• _Crawled caption data_
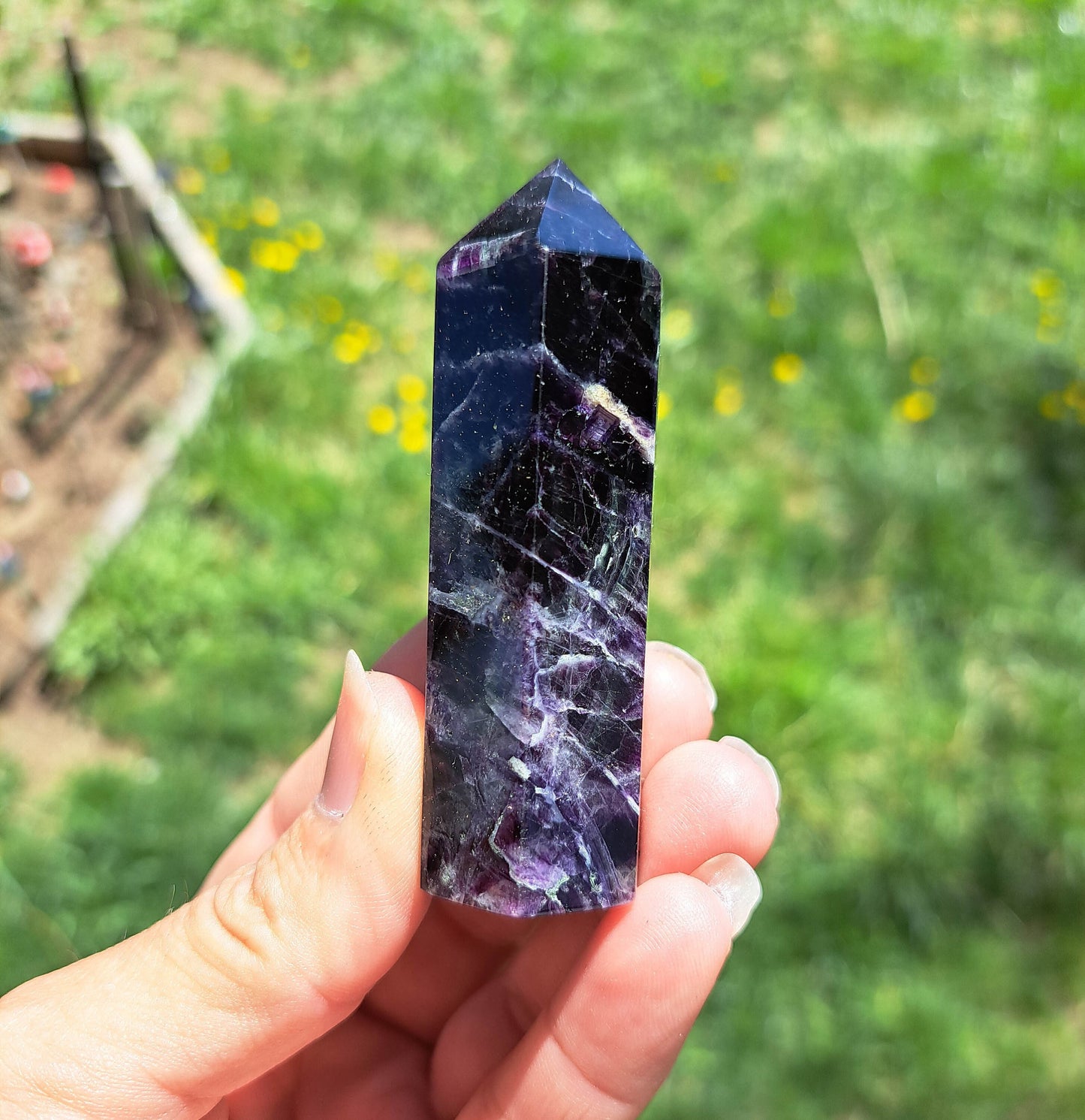Purple Fluorite Tower - Crystal Healing and Home Décor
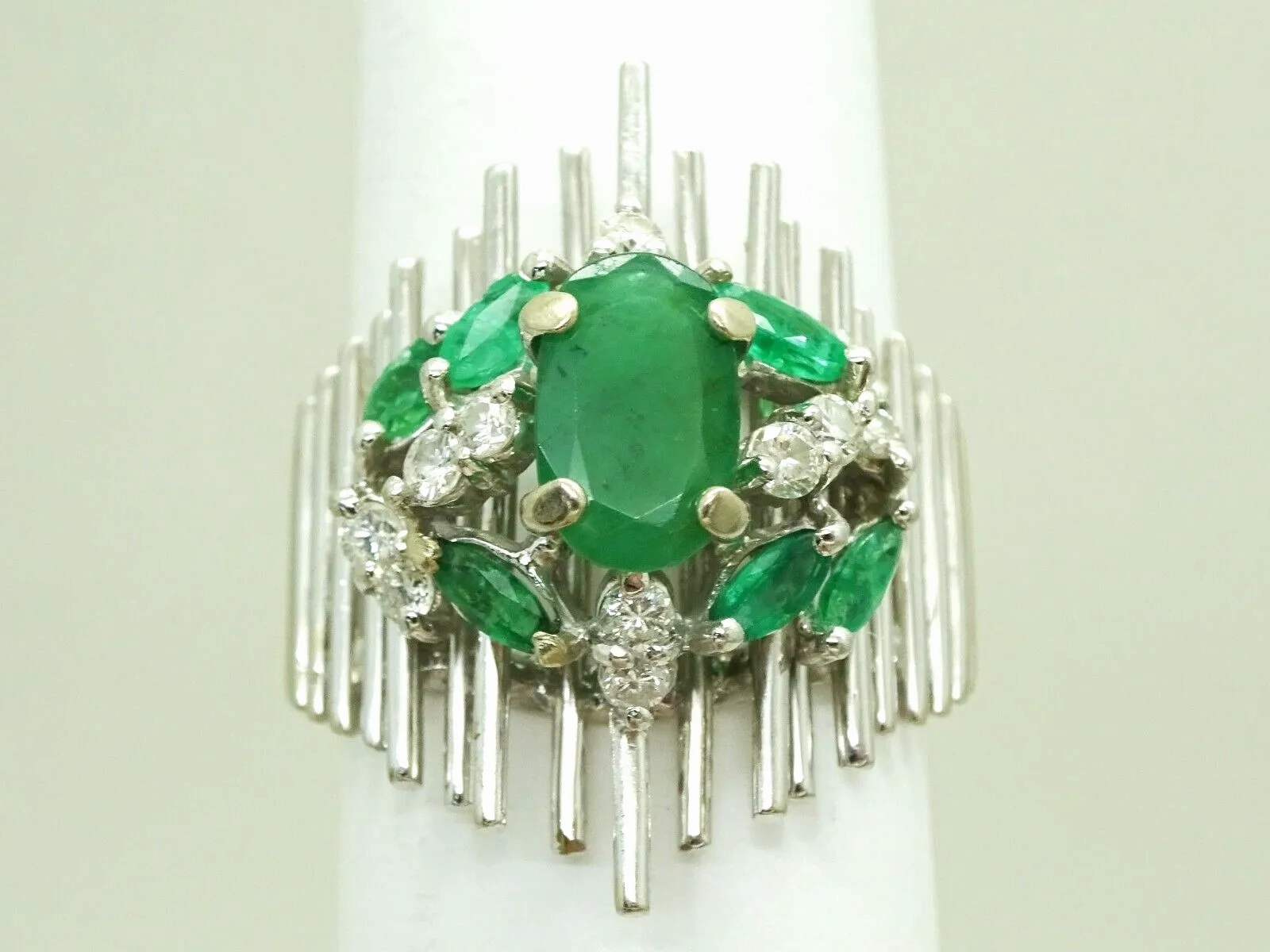 1.61ct tw Natural Emerald &amp; Diamond Open Bar Ring 14k White Gold Size 7.5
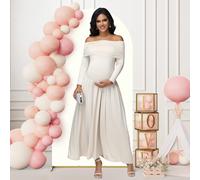 Abito lungo premaman a maniche lunghe con spalle scoperte, colore unito, per autunno e inverno, adatto per festa di nascità, festa di rivelazione del sesso e autunno L,M,S,XLColore unicoTessuto in mag
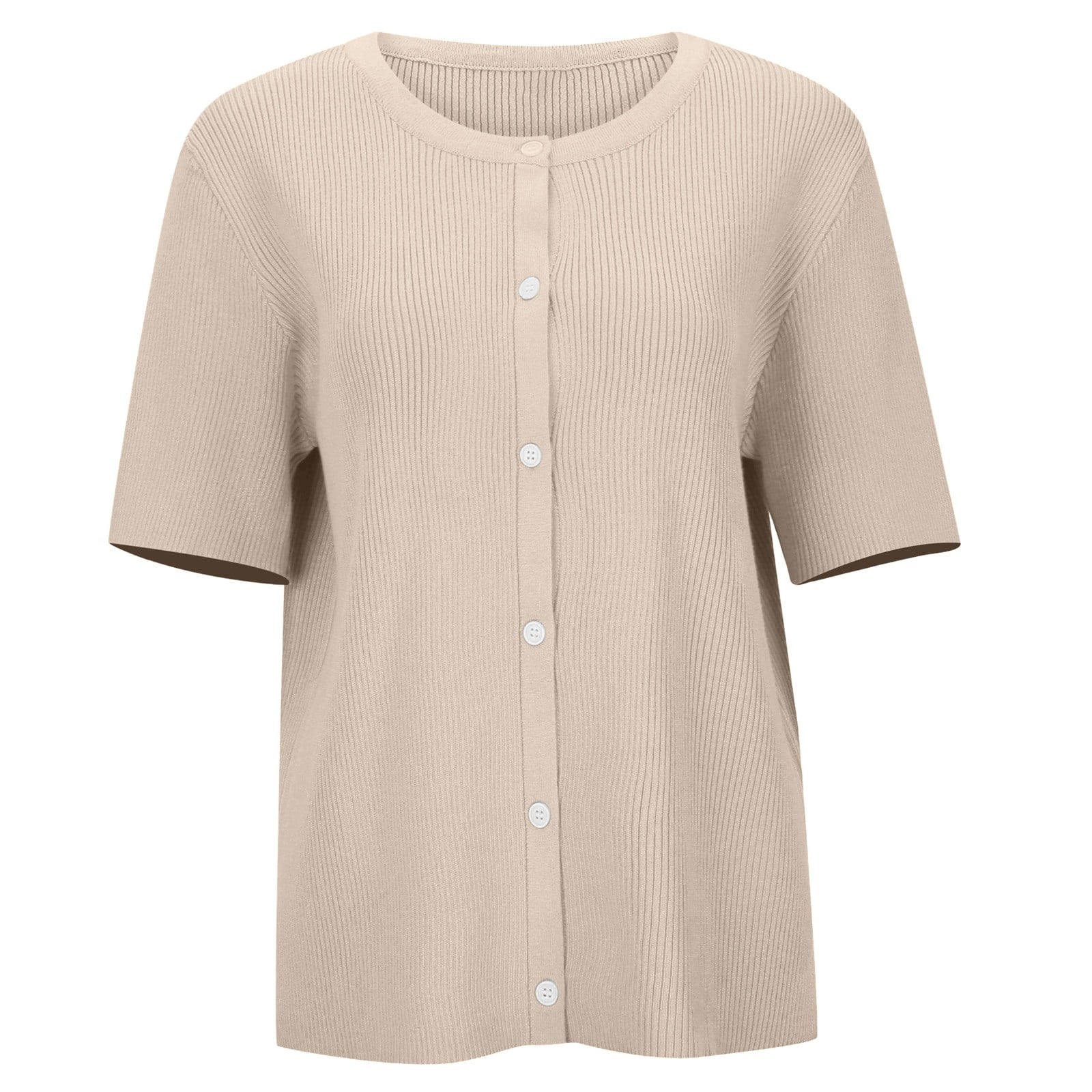 Women's Casual Short Sleeved Knit Cardigan Solid Color Half Neck Button Down Sweater 1 Oversized Cardigan Light Cardigan Womens Knit Sweater Female Sweaters And Cardigans Cardigans for Women Open Knit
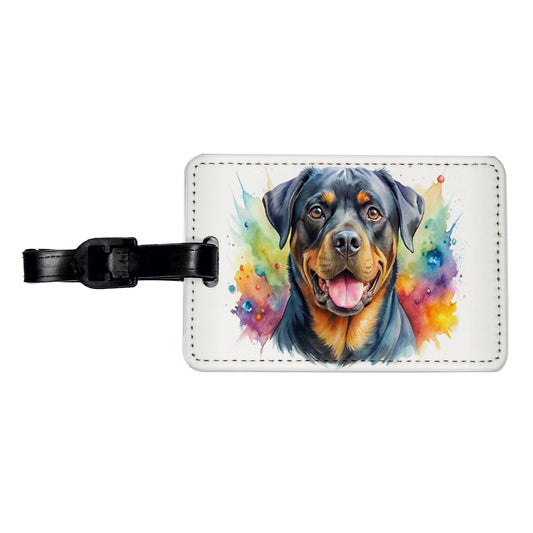 Rottweiler Dog Watercolor Style Travel Faux Leather Luggage Tag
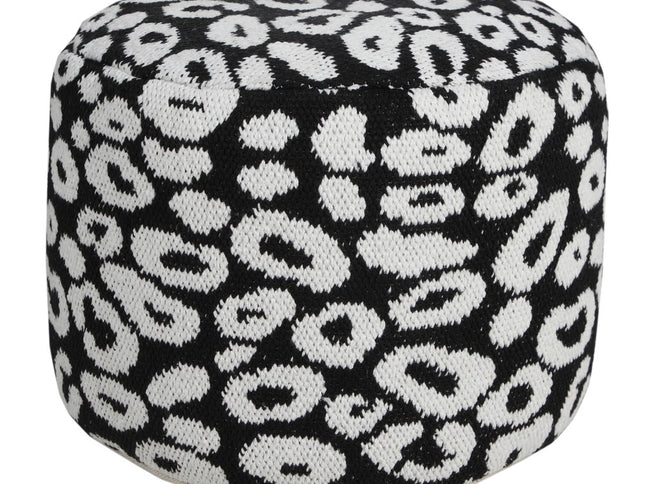 18" Black Cylinder Abstract Pouf Ottoman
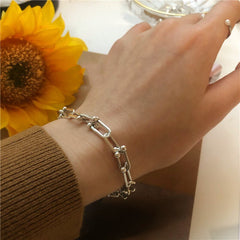 Silberfarbenes Chunky Chain Armband – Statement Edelstahl-Schmuck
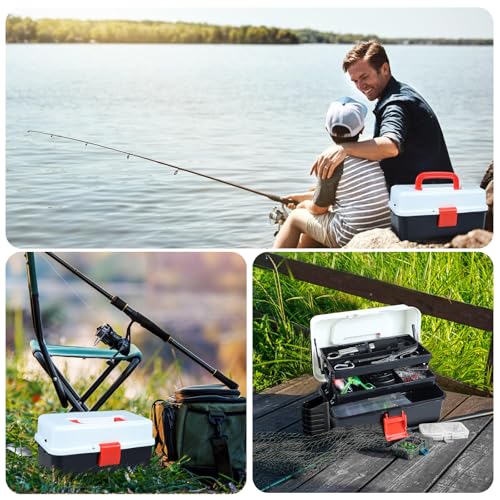 3 Layers Fishing Tackle Box, 213Pcs Fishing Lures Kit with Small Fishing Tool Kit Containing Weights Scale, Lip Clip, Hook Remover, Fishing Accessories, Fishing Gear for Beginners Kids, Men, Adults - color: black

• _TASK REQUIREMENTS_
Give back the records above exactly, with no pictures.

• _RESULT OF THE EXERCISE_
Purple Fluorite Tower - Crystal Healing and Home Décor
 1.61ct tw Natural Emerald &amp; Diamond Open Bar Ring 14k White Gold Size 7.5
 Abito lungo premaman a maniche lunghe con spalle scoperte, colore unito, per autunno e inverno, adatto per festa di nascità, festa di rivelazione del sesso e autunno L,M,S,XLColore unicoTessuto in mag
 Women's Casual Short Sleeved Knit Cardigan Solid Color Half Neck Button Down Sweater 1 Oversized Cardigan Light Cardigan Womens Knit Sweater Female Sweaters And Cardigans Cardigans for Women Open Knit
 Rottweiler Dog Watercolor Style Travel Faux Leather Luggage Tag
 18" Black Cylinder Abstract Pouf Ottoman
 Silberfarbenes Chunky Chain Armband – Statement Edelstahl-Schmuck
 3 Layers Fishing Tackle Box, 213Pcs Fishing Lures Kit with Small Fishing Tool Kit Containing Weights Scale, Lip Clip, Hook Remover, Fishing Accessories, Fishing Gear for Beginners Kids, Men, Adults - color: black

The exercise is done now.